Example: Sara lives in England. Dan lives in Chicago and is a U.S. Citizen. Sara and Dan have been dating for 2 years, and Sara often comes to Chicago to visit Dan, never staying for more than 90 days. During one of Sara’s trips to Chicago, Dan proposes and Sara says yes. Sara and Dan would be able to get married right away and as a result of the marriage, Sara would be able to apply for an adjustment of status so she could remain in the U.S. Furthermore, Sara can file her adjustment of status at the same time that Dan files the immigration petition (I-130) petition for her within 90 days of herarrival at the US.
Furthermore, it should be noted that although it is best for the alien to file his/her adjustment of status application within the 90 day authorized period, an immediate relative of a U.S. citizen’s AOS application submitted after the VWP validity period will not be denied due to them being out of status, so long as the alien is otherwise eligible for the AOS application. [USCIS Field Operators Directorate][8 C.F.R. 1208.2(c)(3)(i)]For all other kinds of green card applications, you will still have to go through the consulate in your country after the initial petition has been approved by the USCIS.

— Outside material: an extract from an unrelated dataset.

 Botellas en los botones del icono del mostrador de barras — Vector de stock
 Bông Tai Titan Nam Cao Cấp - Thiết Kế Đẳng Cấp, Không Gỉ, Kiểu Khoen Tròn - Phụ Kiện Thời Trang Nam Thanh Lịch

As illustrated above, the immediate relatives of United States citizens are afforded certain advantages under immigration law. Whereas most aliens who come to the United States and wish to apply for an adjustment of status or change of status are subject to the 30/60-day rule, immediate relatives of US citizens are exempted from the burden of having to prove that they did not have a preconceived intent to immigrate. Furthermore, the immediate relatives are also able to circumvent the governance that prevents aliens visiting the United States as a part of the Visa Waiver Program, due to them having significant family ties in the United States.